# Blocage Finder



## krow (19 Janvier 2011)

Bonsoir à vous 

Voici mon problème. Je voulais copié sur mon DD externe environ 30 000 fichiers musique. 
Sauf que la... blocage, les applis se lance (la preuve pour etre sur internet^^) donc direction les fofos pour savoir si il y a une solution. J'en est trouvé une qui, je le pensais pouvais être bonne mais non, c'était de lancé en mode sans extension et lancé l'utilitaire de disque mais rien ni fais même là Finder bloque. Pour ma part il est en continue entrain de tourner avec les couleur, quand je le relance pareil, je l'est laisser tourner environ 24h (la nuit et ma journée de taf) et toujours pareil. J'ai vue aussi une autre solution par le formulaire ou PRAM mais je ne sais pas ce que c'est car je viens juste d'arrivé dans le monde de mac.
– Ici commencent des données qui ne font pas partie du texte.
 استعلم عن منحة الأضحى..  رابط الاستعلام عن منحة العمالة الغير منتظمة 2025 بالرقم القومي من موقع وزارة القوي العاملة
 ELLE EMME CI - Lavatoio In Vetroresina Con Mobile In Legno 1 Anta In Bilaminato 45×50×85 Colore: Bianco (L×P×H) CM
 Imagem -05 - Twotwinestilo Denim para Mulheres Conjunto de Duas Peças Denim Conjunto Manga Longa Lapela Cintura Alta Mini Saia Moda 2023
Je ne sais que faire surtout que je viens juste de l'avoir en échange avec mon ancien pc 
Merci en tout cas pour tout et Bonne soirée à vous


----------



## Invité (20 Janvier 2011)

Essaie de virer les préférences du Finder.
Pour la localisation ça dépend peut être de ta version de Mac Os


----------



## krow (20 Janvier 2011)

Invité a dit:


> Essaie de virer les préférences du Finder.
> Pour la localisation ça dépend peut être de ta version de Mac Os


j'ai un Mac OS X 10.5.8, Et comment je peux virer les préférence du finder ? Car je t'avouerais que je ne connais rien en Mac Je suis un tout nouveau ^^


----------



## Invité (20 Janvier 2011)

Jamais fait, mais Google donne http://www.northernsoftworks.com/snowleopardcachecleaner.html
et mode d'emploi : http://www.osxfacile.com/rub_entretien.html cocher "clean Finder preferences"


----------



## krow (21 Janvier 2011)

Invité a dit:


> Jamais fait, mais Google donne http://www.northernsoftworks.com/snowleopardcachecleaner.html
> et mode d'emploi : http://www.osxfacile.com/rub_entretien.html cocher "clean Finder preferences"
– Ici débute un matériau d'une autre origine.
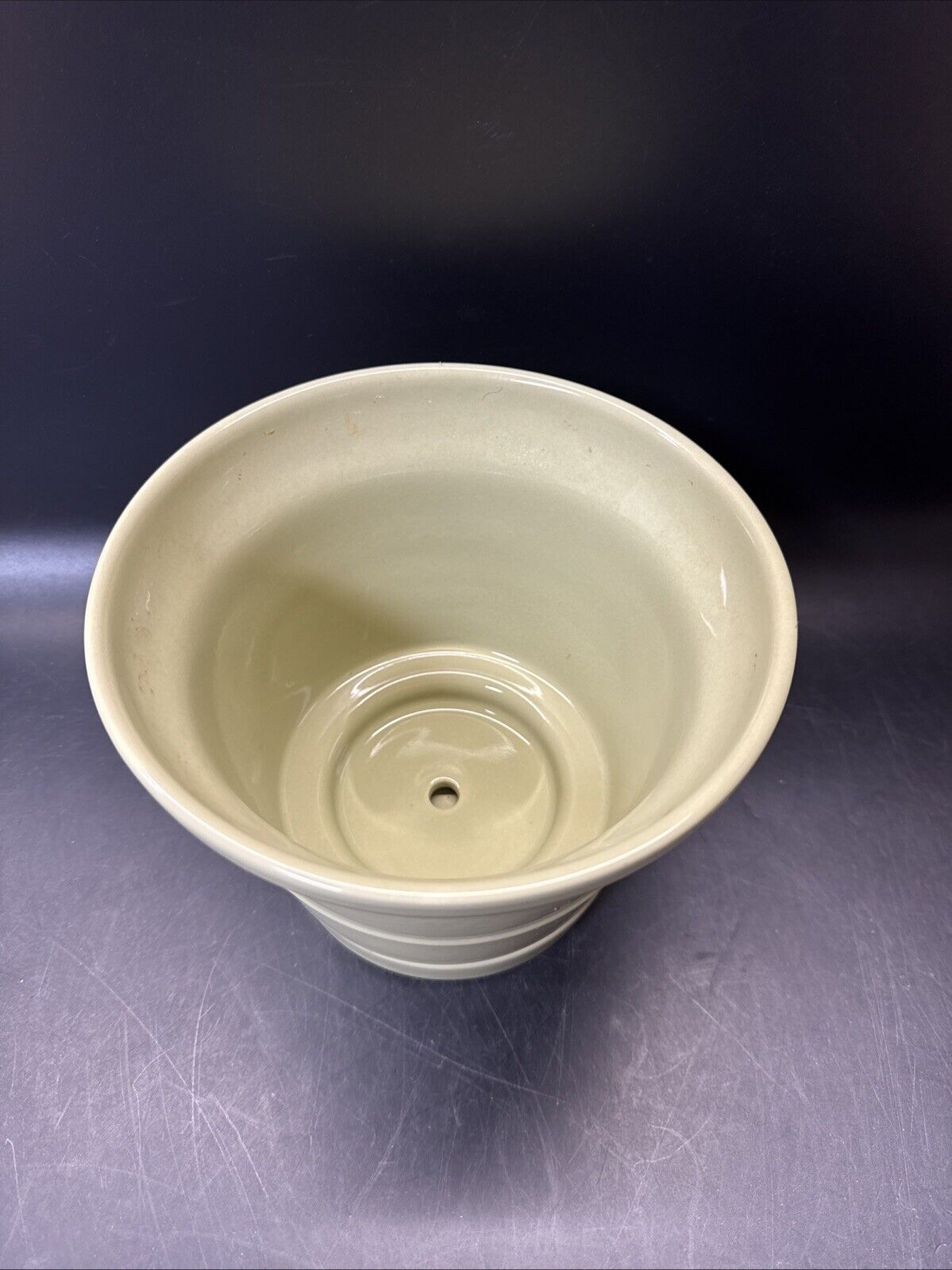 Ceramic Green Planter With Underbowl 5”x 6.1/3”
Merci pour les liens mais il y a une soucie je ne suis pas sur Snow Leopard mais Leopard tout cour


----------



## krow (8 Février 2011)

Bonjour, c'est pour vous informer que j'ai réussie à résoudre mon problème. 
J'ai réussie à avoir la fenêtre du bureau et pouvoir sélectionner les 10 000 fichiers environs de musique et à les mettre dans la corbeille puis la vidée. Depuis tout est revenue à la normal. merci encore pour vos conseil et votre aide.


----------